Data extracts >>
* * *

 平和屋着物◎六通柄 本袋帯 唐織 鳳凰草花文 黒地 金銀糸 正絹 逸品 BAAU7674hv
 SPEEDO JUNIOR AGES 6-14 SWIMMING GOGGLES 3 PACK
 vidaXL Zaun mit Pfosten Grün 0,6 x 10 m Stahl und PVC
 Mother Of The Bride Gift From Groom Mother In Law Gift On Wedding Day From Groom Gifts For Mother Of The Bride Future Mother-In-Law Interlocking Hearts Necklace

* * *

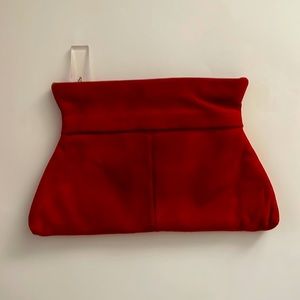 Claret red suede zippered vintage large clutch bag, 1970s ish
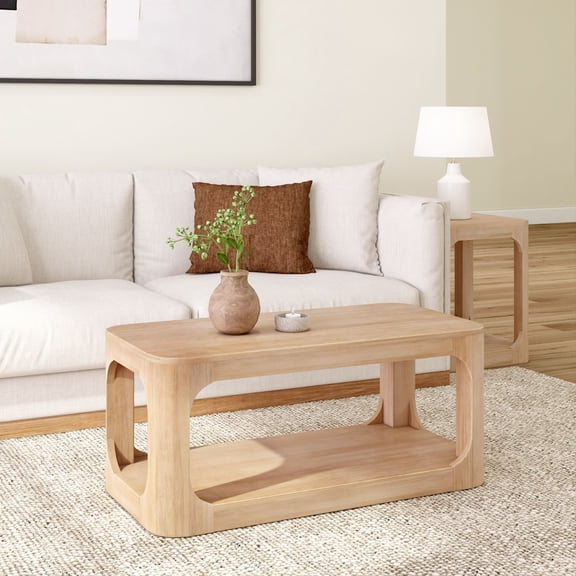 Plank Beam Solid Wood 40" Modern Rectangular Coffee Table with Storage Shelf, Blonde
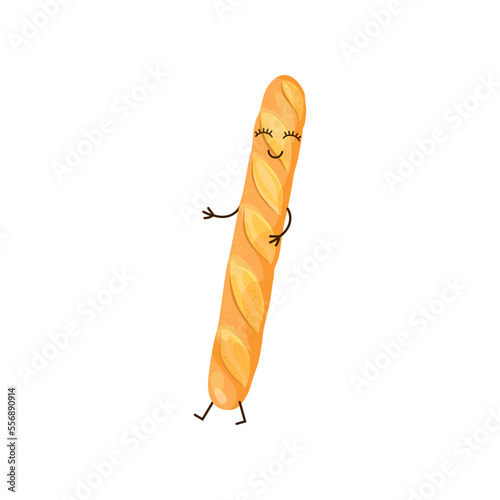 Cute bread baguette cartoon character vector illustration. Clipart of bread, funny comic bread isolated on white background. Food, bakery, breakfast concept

* * *

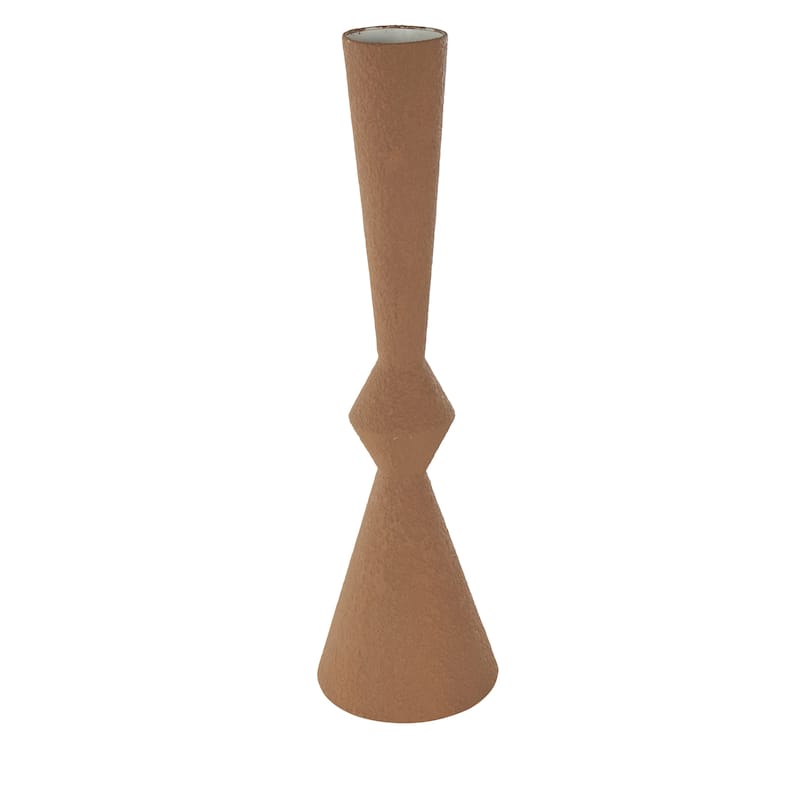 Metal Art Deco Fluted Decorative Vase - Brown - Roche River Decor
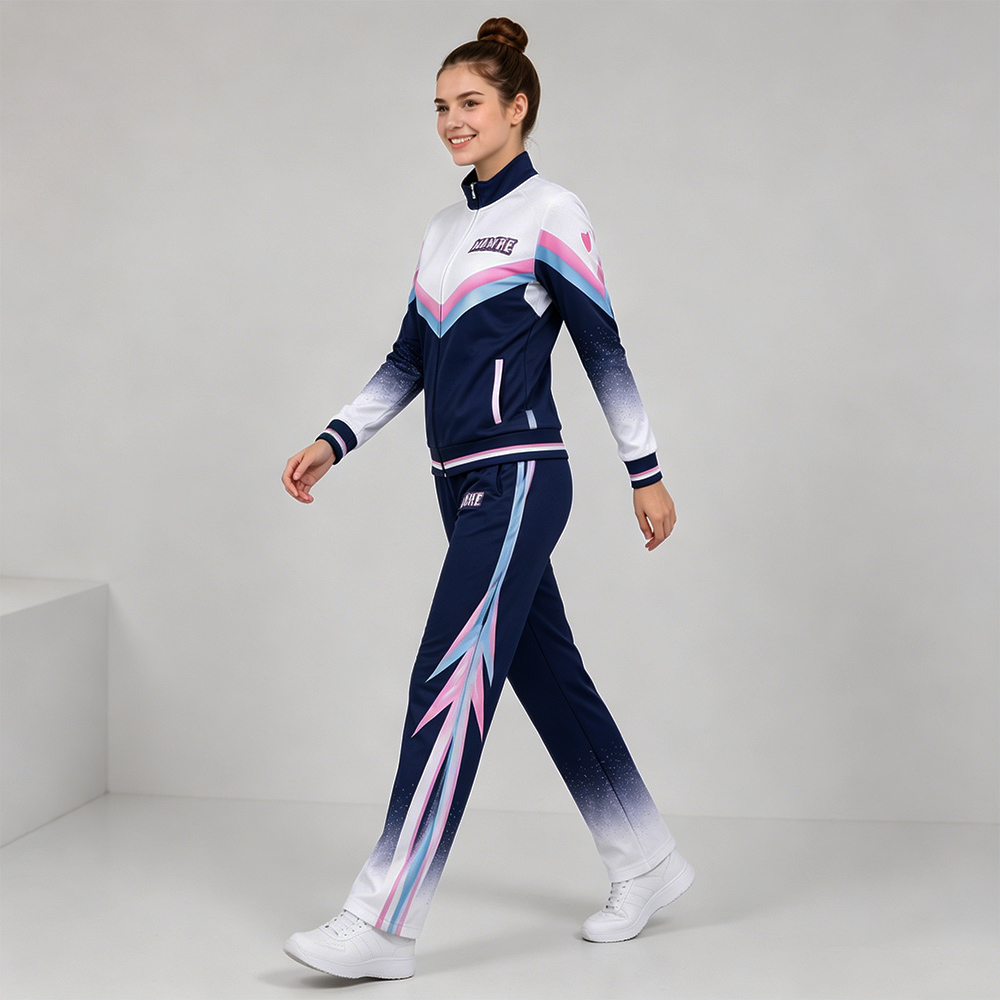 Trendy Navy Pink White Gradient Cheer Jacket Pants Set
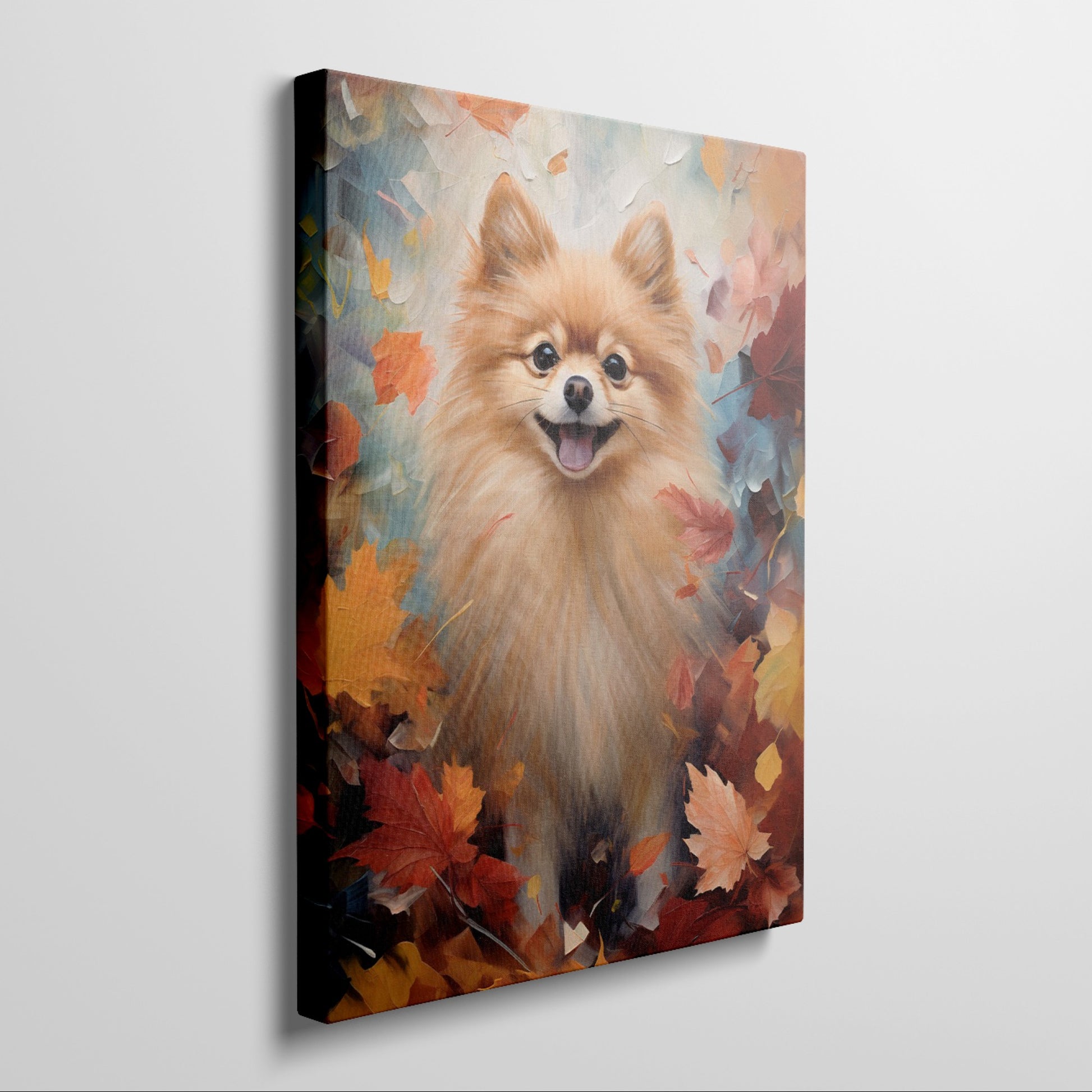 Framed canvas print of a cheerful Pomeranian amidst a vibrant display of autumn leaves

* * *

Work request >> Restate word for word only the lines above from the line containing "平和屋着物◎六通柄 本袋帯 唐織" to the line containing "Mother Of The Bride Gift", both of them included.

Solved problem >>
 平和屋着物◎六通柄 本袋帯 唐織 鳳凰草花文 黒地 金銀糸 正絹 逸品 BAAU7674hv
 SPEEDO JUNIOR AGES 6-14 SWIMMING GOGGLES 3 PACK
 vidaXL Zaun mit Pfosten Grün 0,6 x 10 m Stahl und PVC
 Mother Of The Bride Gift From Groom Mother In Law Gift On Wedding Day From Groom Gifts For Mother Of The Bride Future Mother-In-Law Interlocking Hearts Necklace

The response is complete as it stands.